UI shows “Looking for connection…”
The Metaflow UI backend isn't reachable. Verify the ingress stack deployed, check DNS resolution (nslookup <stage>.metaflow.simulation.amazon.dev), and inspect EKS pods (kubectl get pods -n metaflow).
DNS not resolving after deploy
NS delegation takes 2–5 minutes. Flush local cache:
sudo dscacheutil -flushcache && sudo killall -HUP mDNSResponder
cdk deploy hangs silently
Check cdk.json has "requireApproval": "never". Verify ada credentials
haven't expired.
Credential error during EKS deploy
EKS takes 15–20 minutes. If ada tokens expire, the stack rolls back. Re-authenticate and
re-run — CDK resumes from the last successful state.

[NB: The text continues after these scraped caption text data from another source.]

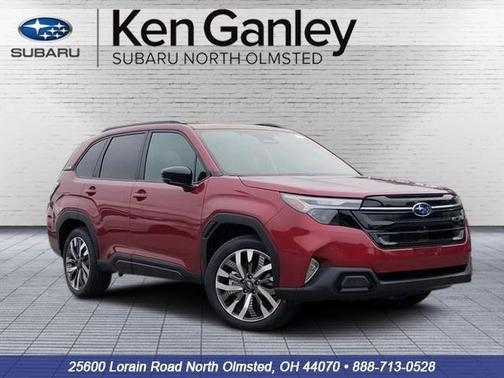 Crimson Red Pearl 2026 Subaru Forester Touring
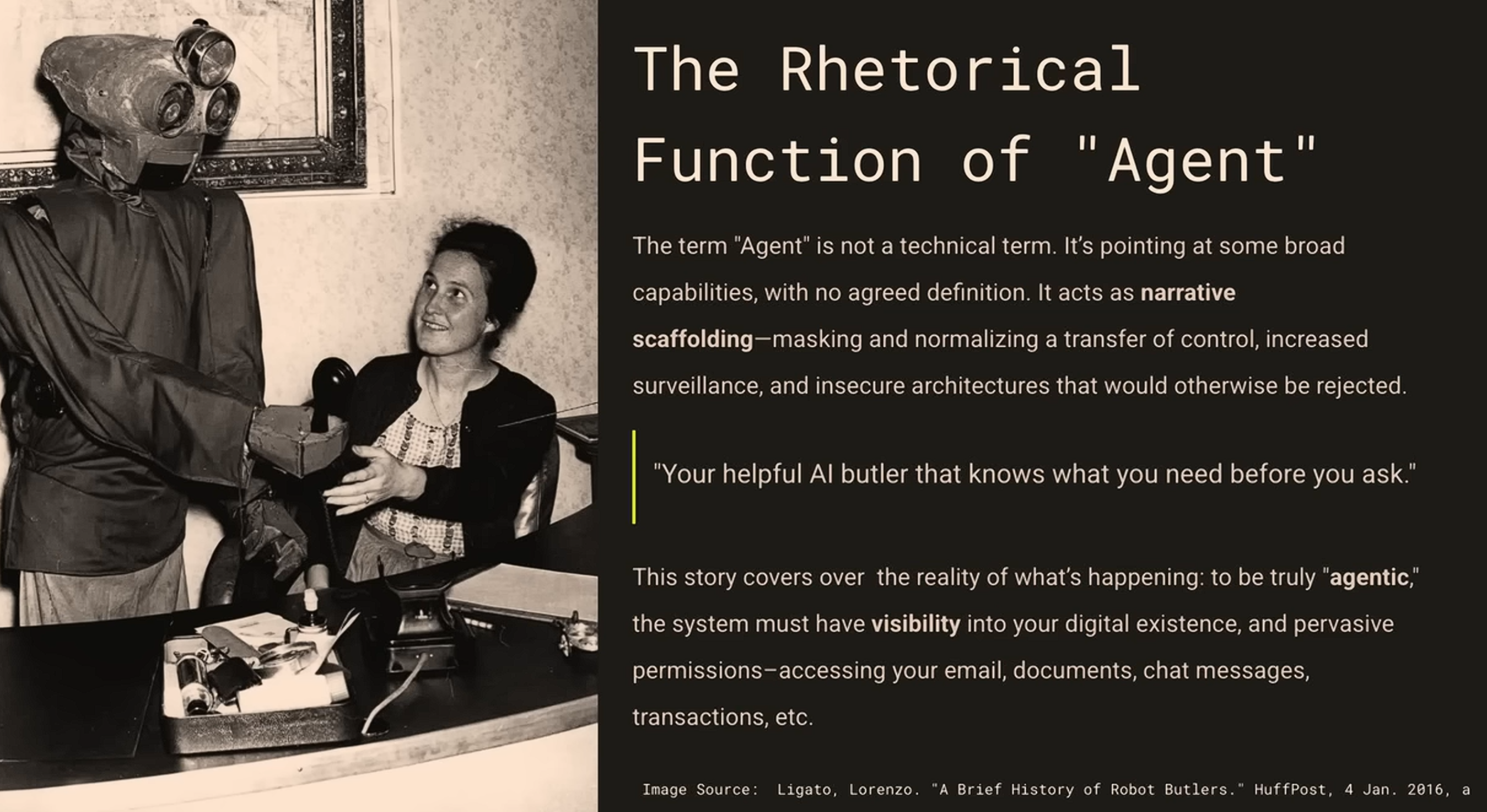Agentic AI risk illustration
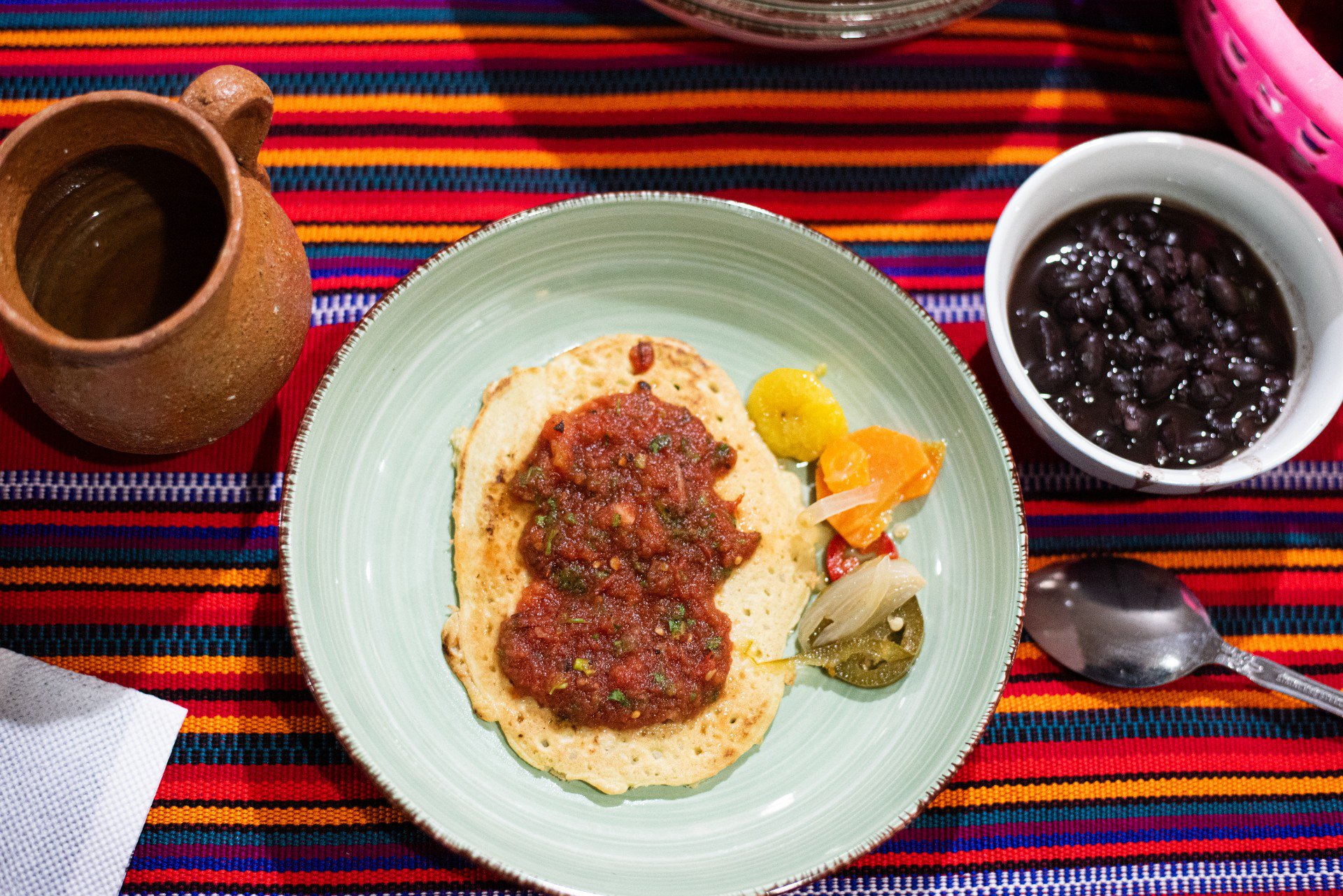 Tortilla de huevo de San Bartolomé Milpas Altas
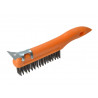 BlueSpot Plastic Wire Brush & Scraper - 22523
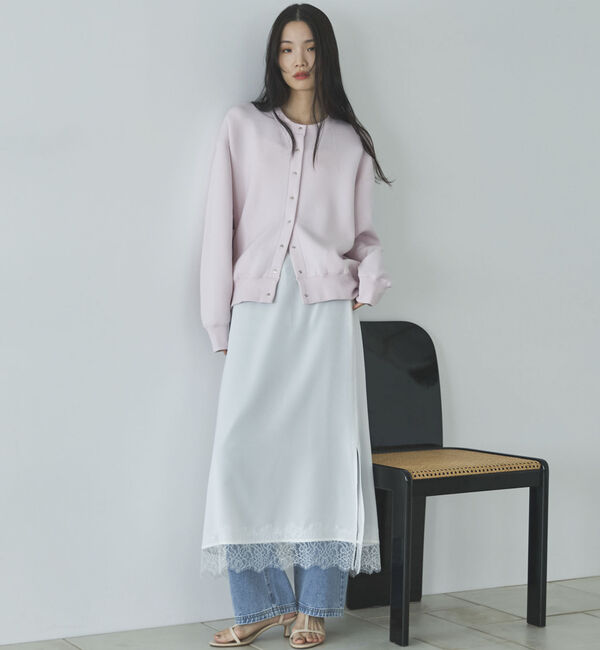 Doux archives「レースサテンスカート」|スカート|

401 Unauthorized running flows
JWT tokens expire after ~1 hour. Re-run:
ar-metaflow login --account <ACCOUNT_ID> --region <region> source ~/.metaflowconfig/env.sh
“Export not found” during deploy
Stacks deployed out of order. Deploy in sequence: VPC → DNS → Data → Auth → EKS → Ingress.
cdk8s instanceof mismatch
Duplicate cdk8s packages in node_modules. Run
npm run clean && npm install && npm run build.
Synth fails with “provider name too long”
Cognito identity provider names have a 32-character limit. Shorten your idpProviderName in the
stage config.